- _Stored entries_
+-------+

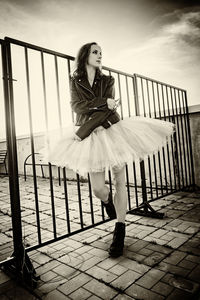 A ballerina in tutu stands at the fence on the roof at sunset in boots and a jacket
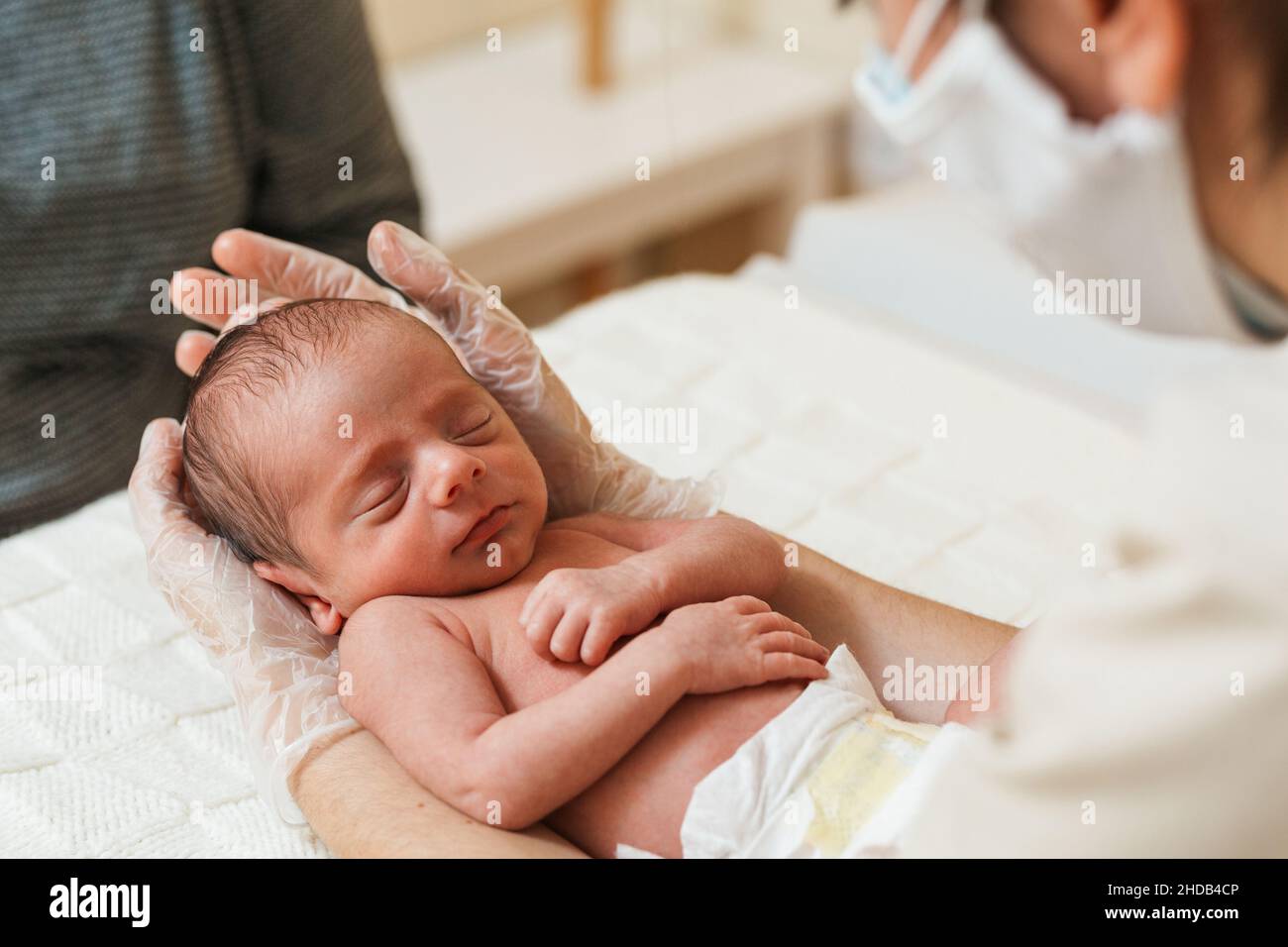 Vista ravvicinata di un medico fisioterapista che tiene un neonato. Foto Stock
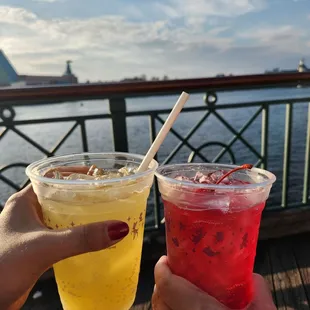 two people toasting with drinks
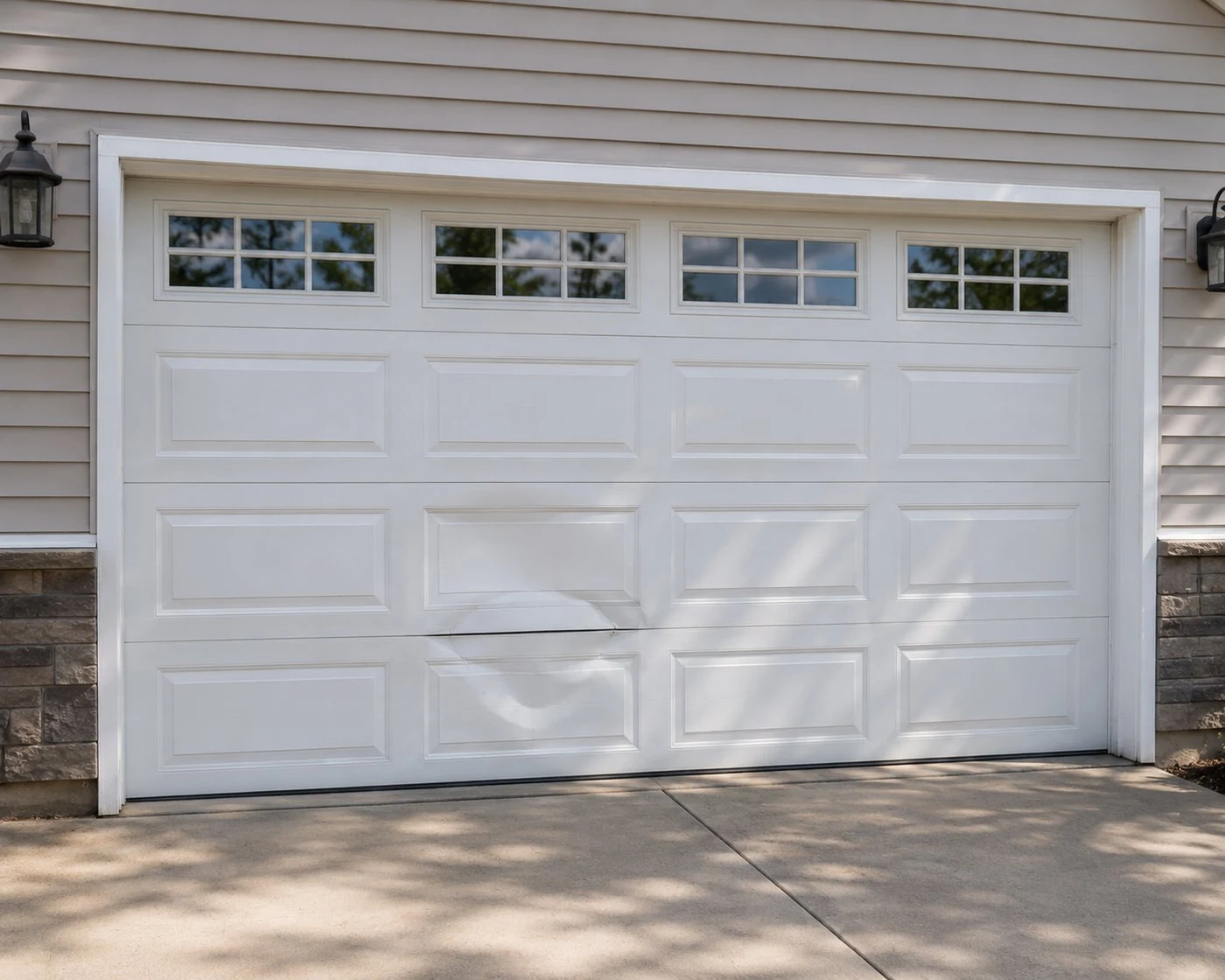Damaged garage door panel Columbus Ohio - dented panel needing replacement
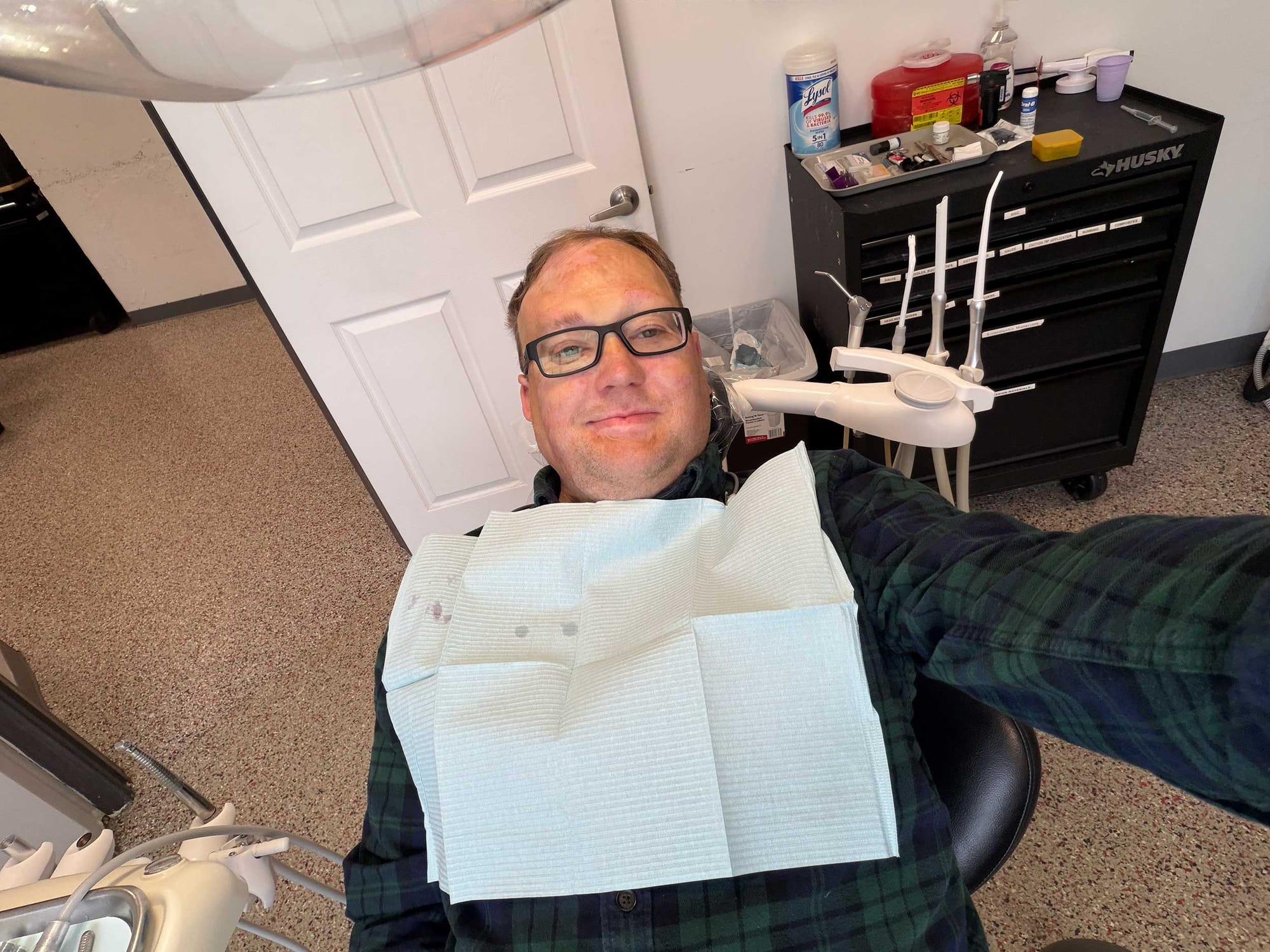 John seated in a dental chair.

+-------+

- _Assignment_
Retype the records verbatim, excluding each image they hold.

- _Response to the task_
 A ballerina in tutu stands at the fence on the roof at sunset in boots and a jacket
 Vista ravvicinata di un medico fisioterapista che tiene un neonato. Foto Stock
 two people toasting with drinks
Damaged garage door panel Columbus Ohio - dented panel needing replacement
 John seated in a dental chair.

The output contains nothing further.